We’re using Flyway, so here’s some information on it.

There are two types of migration: SQL-based and Java-based.
SQL migrations are immutable. After the first execution, an SQL migration cannot be changed. Flyway calculates the checksum for a migration file’s content and checks it for every run. For Java migrations to be immutable, additional manual handling is required.
The history of all migrations is stored in the flyway_schema_history (formerly schema_version) table. You can find the date and duration of each migration and its type, file name, and checksum there.

Under our internal arrangements, all changes to the data schema are made only through an SQL migration. Their immutability ensures that we can always obtain a current schema that is entirely identical to all environments.

Java migrations are only used for DML when you can’t write in plain SQL. A typical case is a migration to Postgres from another database (we are moving from Redis to Postgres, but that’s a story for another day). One more example is updating the data for a large table in several transactions to minimize the table lock time. It’s worth mentioning that since the 11th version of Postgres, this can be done with SQL procedures on plpgsql.

When Java code becomes obsolete, the migration can be removed because we don’t want to produce legacy code (the Java class for the migration remains, but it’s blank). We set this to happen no sooner than a month after performing the migration in production — we believe this is enough time for all test environments and local development environments to update. Since Java migrations are used only for DML, its removal does not affect the creation of new databases from scratch.

An important note for those who use pg_bouncer

During the migration, Flyway acquires a lock to prevent multiple migrations from co-executing. To simplify, it works like this:

A lock is acquired.
A transactional migration is executed.
The lock is released.

For Postgres, Flyway uses advisory locks in session mode, which means that to work properly, the application server must be running on the same connection when it is released as it was when it was acquired. If you use pg_bouncer in transactional mode (which is most common) or in statement mode, it can return a new connection for each transaction, and Flyway will not be able to release the lock.

To solve this problem, we use a small dedicated connection pool on pg_bouncer in session mode, which is intended for migrations only. On the application side, there is also a separate pool containing one connection that closes on a timeout after the migration is complete in order not to hold resources.

Writing source code

The migration is in place, so now we can write the code.

There are three approaches for working with the database on the application side:

using ORM (for Java, hibernate is the de facto standard)
using plain SQL + jdbcTemplate or the like
using DSL libraries

Using ORM reduces your SQL skill requirements — a lot of things are generated automatically:

The data schema can be created from an XML description or a Java entity available from the code.
Object relations are defined using a declarative description — ORM will make joins for you.
With Spring Data JPA, even tricky queries can be generated automatically by the repository method’s signature.
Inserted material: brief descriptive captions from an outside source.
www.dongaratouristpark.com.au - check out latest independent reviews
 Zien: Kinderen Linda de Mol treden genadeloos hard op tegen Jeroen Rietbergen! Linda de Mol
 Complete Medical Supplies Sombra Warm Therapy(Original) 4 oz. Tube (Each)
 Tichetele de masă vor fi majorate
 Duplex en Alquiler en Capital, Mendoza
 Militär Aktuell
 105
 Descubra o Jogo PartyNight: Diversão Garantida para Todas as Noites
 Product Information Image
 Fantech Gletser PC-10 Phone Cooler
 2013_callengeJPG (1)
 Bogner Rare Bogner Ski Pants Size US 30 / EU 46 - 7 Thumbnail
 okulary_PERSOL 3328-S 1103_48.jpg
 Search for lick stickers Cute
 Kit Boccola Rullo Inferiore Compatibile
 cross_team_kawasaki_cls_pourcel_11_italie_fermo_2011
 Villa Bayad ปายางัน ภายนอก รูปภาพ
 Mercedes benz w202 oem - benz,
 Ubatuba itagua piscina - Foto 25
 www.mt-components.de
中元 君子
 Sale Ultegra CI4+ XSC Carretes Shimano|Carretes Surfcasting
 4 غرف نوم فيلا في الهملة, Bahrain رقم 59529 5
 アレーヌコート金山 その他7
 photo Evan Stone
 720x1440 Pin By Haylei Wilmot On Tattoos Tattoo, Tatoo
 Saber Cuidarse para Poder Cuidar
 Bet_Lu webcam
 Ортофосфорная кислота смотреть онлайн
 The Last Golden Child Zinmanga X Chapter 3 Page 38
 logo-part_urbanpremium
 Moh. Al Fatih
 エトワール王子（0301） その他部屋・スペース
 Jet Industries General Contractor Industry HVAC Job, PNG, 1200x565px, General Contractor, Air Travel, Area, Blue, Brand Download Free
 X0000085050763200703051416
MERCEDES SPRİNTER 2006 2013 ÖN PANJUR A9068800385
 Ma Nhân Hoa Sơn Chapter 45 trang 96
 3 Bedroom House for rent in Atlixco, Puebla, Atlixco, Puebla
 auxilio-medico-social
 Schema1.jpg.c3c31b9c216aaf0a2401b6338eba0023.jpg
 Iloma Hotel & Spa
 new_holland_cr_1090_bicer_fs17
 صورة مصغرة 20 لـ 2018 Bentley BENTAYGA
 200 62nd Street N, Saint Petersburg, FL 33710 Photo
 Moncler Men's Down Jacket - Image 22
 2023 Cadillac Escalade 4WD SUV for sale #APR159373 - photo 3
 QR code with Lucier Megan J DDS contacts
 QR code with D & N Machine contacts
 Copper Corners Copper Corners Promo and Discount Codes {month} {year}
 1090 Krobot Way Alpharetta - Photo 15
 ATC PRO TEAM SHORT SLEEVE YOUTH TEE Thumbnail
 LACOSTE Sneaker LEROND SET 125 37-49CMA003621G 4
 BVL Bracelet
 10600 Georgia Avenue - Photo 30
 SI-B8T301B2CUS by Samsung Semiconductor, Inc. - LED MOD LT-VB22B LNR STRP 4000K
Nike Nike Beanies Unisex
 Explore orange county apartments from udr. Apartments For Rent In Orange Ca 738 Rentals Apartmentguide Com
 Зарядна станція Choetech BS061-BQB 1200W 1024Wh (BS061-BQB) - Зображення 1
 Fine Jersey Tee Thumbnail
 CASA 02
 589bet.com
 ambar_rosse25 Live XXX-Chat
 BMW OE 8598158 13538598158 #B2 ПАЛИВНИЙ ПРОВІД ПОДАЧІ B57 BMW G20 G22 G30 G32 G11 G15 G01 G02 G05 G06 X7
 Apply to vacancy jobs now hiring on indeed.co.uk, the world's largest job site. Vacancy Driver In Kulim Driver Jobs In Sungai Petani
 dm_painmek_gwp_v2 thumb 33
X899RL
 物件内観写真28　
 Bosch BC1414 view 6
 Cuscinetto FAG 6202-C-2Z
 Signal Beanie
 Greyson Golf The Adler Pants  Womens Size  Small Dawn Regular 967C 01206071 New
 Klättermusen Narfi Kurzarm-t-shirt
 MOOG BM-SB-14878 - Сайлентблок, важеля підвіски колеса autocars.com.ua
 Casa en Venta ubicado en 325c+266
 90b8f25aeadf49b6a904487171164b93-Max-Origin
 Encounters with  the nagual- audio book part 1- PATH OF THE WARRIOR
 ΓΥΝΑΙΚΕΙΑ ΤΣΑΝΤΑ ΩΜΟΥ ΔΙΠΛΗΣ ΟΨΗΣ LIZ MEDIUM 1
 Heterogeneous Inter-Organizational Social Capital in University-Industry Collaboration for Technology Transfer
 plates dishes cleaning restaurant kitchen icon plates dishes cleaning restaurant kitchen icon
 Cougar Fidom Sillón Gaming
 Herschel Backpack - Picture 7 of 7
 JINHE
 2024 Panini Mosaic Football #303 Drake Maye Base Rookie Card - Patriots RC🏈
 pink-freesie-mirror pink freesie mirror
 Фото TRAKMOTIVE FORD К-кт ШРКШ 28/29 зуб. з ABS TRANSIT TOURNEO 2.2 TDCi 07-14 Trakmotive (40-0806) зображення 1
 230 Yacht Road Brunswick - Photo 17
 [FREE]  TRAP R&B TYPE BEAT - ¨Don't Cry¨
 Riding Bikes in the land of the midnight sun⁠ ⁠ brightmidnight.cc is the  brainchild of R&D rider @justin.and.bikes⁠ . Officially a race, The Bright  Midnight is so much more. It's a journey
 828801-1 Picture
One more bonus is data caching out of the box (for hibernate, 3 levels of caching).

But it is important to note that ORM, like any other powerful tool, requires specific skills to use. Without proper customization, the code is still likely to work, but far from optimally.

The opposite option is to write SQL manually. This allows you to control the queries fully — your queries will be performed exactly as you wrote them, without any surprises. But that increases the amount of manual labor and the requirements for the developers’ qualifications.

DSL libraries

Somewhere between these two approaches is another one: using DSL libraries (jOOQ, Querydsl, etc.). These are usually much more lightweight than ORM, but more convenient than completely manual work with a database. Their usage is not so widespread, so in this article, we will briefly consider this approach.

We’re going to discuss jOOQ, which offers

database inspection and automatic generation of classes
fluent API for writing queries

Since jOOQ is not an ORM, there is no auto-generation of queries or caching, but some of the manual approach problems are fully covered:

classes for tables, views, functions, and other database objects are generated automatically;
queries are written in Java, which ensures type safety — if the query is syntactically incorrect or has a wrong type parameter, it will not compile — your IDE will immediately indicate an error. You won’t have to spend time launching the application to check if the query is correct. This speeds up the development process and reduces the error probability.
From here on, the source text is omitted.